Traditional grocery stores are losing ground in general. I only go to Von’s and Albertson’s to get their loss leaders for meats and poultry. I find great deals at Grocery Outlet in Atascadero

as long as you don’t have a specific list to go by and are willing to eat what is on sale. Food 4 Less has great prices in everyday ordinary products for regular families.Certain items are cheapest and best quality at Trader Joe’s. And yes although I don’t enjoy my trips to WalMart, they often have the best prices on many staple grocery items. Not a shock at all that Haggen’s has failed and I am happy to have Smart and Final go those locations. The day of a union salary for grocery store checkers is over. However I do feel bad for those employees who have worked for Von’s for decades, Williams Brothers before that and are now going to be out if jobs. They are the ones who got the shaft.


Fortunately, there are lots of places to buy food in this County, from the Farmer’s Markets to Costco!! Not a problem, let them mess up, no one cares! Corporation giants deserve one another! .


Isn’t Costco a Corp giant?


I was just using Costco as an example, they treat their employees better than some others, I hear.


Another shinning example of the improving California economy. Nice work Sacramento!


Every Sunday I make a Trader Joe’s, Whole Foods, Costco run for my week’s groceries. You have to know what and where to buy certain things to get the best price/quality. At Whole Foods I have been impressed with their 365 brand items, at Costco their Natures Domain brand dog food and fruit (berries), at Trader Joe’s their bagged salads and nuts are a bargain. And judging from the number of other shoppers none of them are going to go out of business. I’m not sure Los Osos can support another big market, but a specialty grocer/deli would be nice. And I vote for a Orcutt Burger for the old BofA bldg.


Why would you even want an Orcutt Burger when you have a Sylvester’s ?!


Anyone heard anything about what may open in Los Osos in Haggen’s spot?
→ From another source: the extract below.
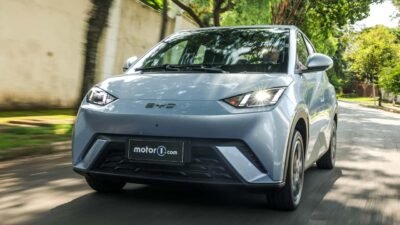 BYD Dolphin Mini GL chega à linha 2027, mas só muda de cor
Inconvenient that throughout the upcoming busiest season of the year there will only be one grocery store (Ralphs) in Los Osos.
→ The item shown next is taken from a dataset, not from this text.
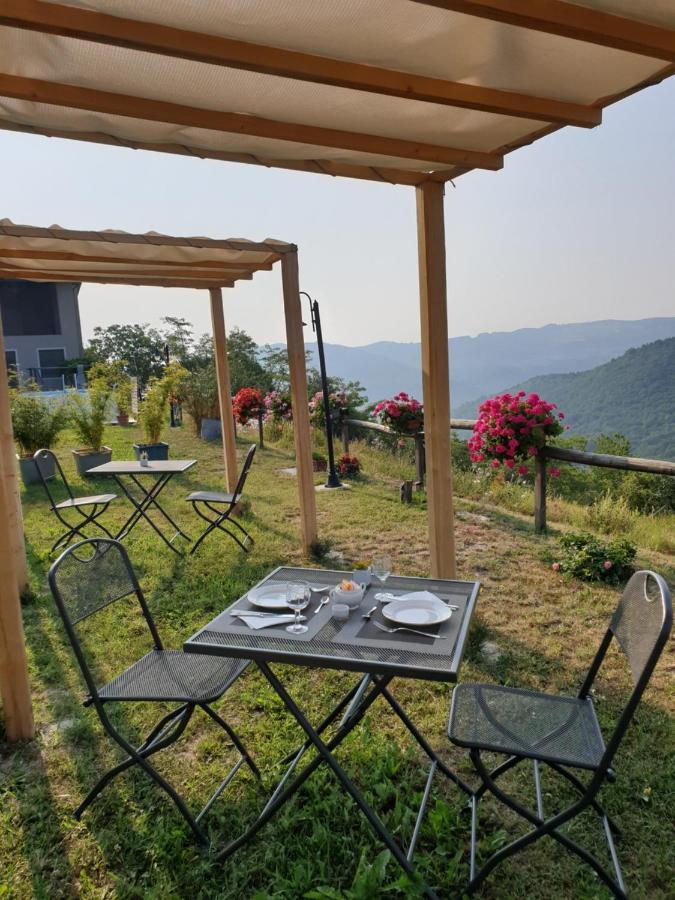 Cascina Brichat Alta Langa Serravalle delle Langhe Exterior foto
Please excuse the post – just read the space is “tied up in the bankruptcy proceedings.” Way too bad.


The common thread I see is stores that offer only organic at a HUGELY inflated price are failing. Times are tight, wages are stagnate, who can afford to eat this way? Yes not saying it isn’t good for you, just saying it gets REAL expensive and when you are trying to cut corners? So I am not surprised that a lot of these high priced stores are failing.


What do we expect? Everyone wants “livable wages” or unionized labor, but we are generally not willing to pay more than WalMart prices.


Cannot have it both ways. Labor costs are THROUGH THE ROOF as it is…


Yep… you can’t have it both ways. You can either pay the bloated management and share holders or you can pay the people who actually do the work.


Don’t forget the government cut which has risen faster than both for our entire lives!


There was nothing organic about Fresh and Easy. It’s marketing was misleading. They were playing on the image of stores like Whole Foods, but the products they were offering were low quality.. they just focused on the packaging and the presentation.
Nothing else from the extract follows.